## Material for this task:

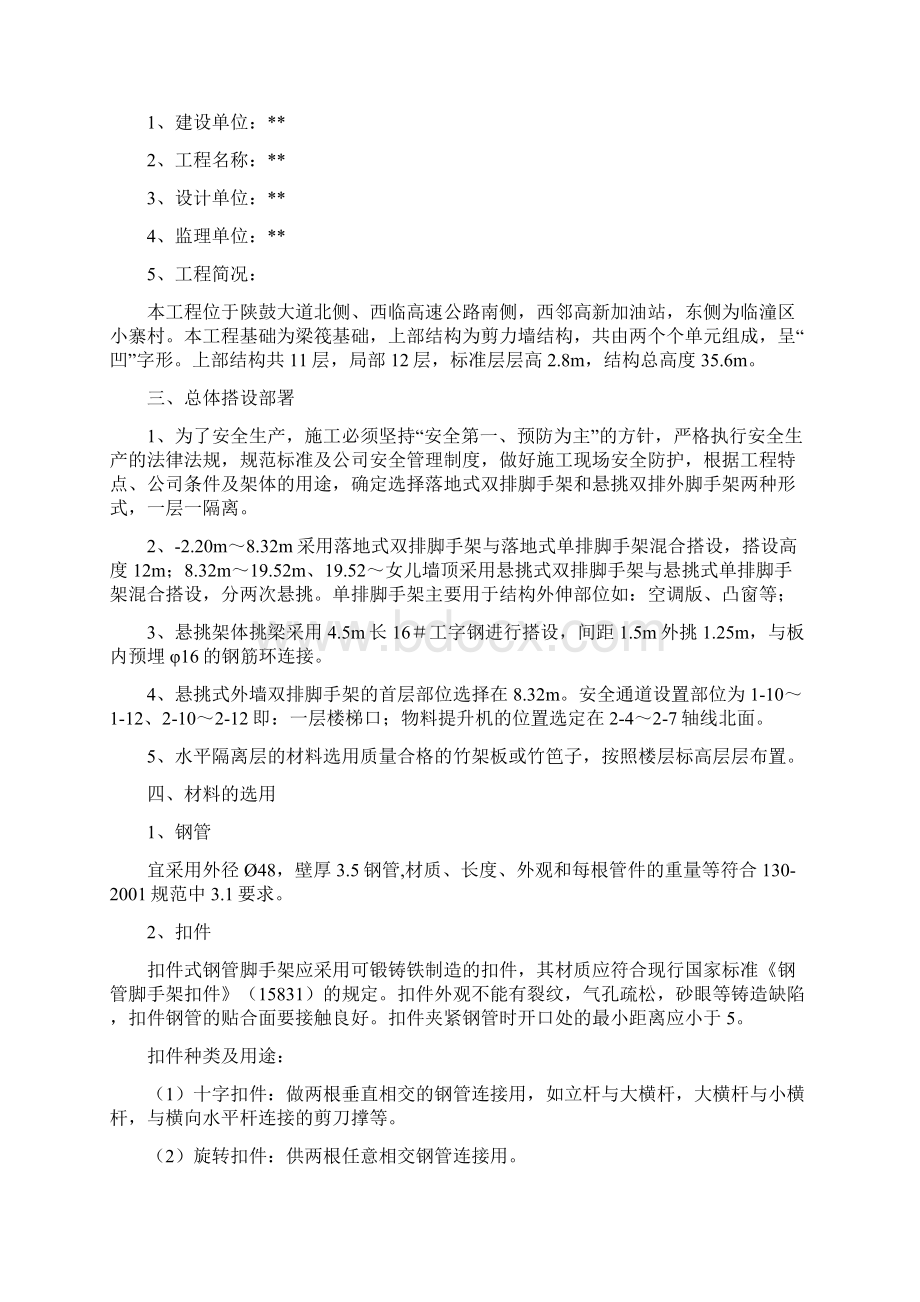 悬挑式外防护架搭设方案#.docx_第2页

--

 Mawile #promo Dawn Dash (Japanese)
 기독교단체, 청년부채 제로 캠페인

==

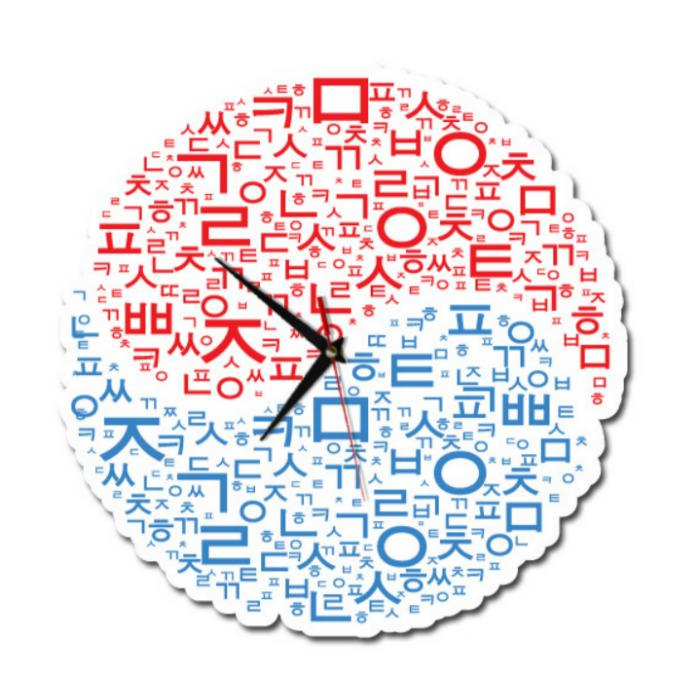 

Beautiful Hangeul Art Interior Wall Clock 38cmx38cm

## Your goal:
Please transcribe exactly the lines above from the line that has "Mawile #promo Dawn Dash (Japanese)" up to and including the line that has "기독교단체, 청년부채 제로 캠페인"; no other line belongs in the answer.

## Solution for this task:
 Mawile #promo Dawn Dash (Japanese)
 기독교단체, 청년부채 제로 캠페인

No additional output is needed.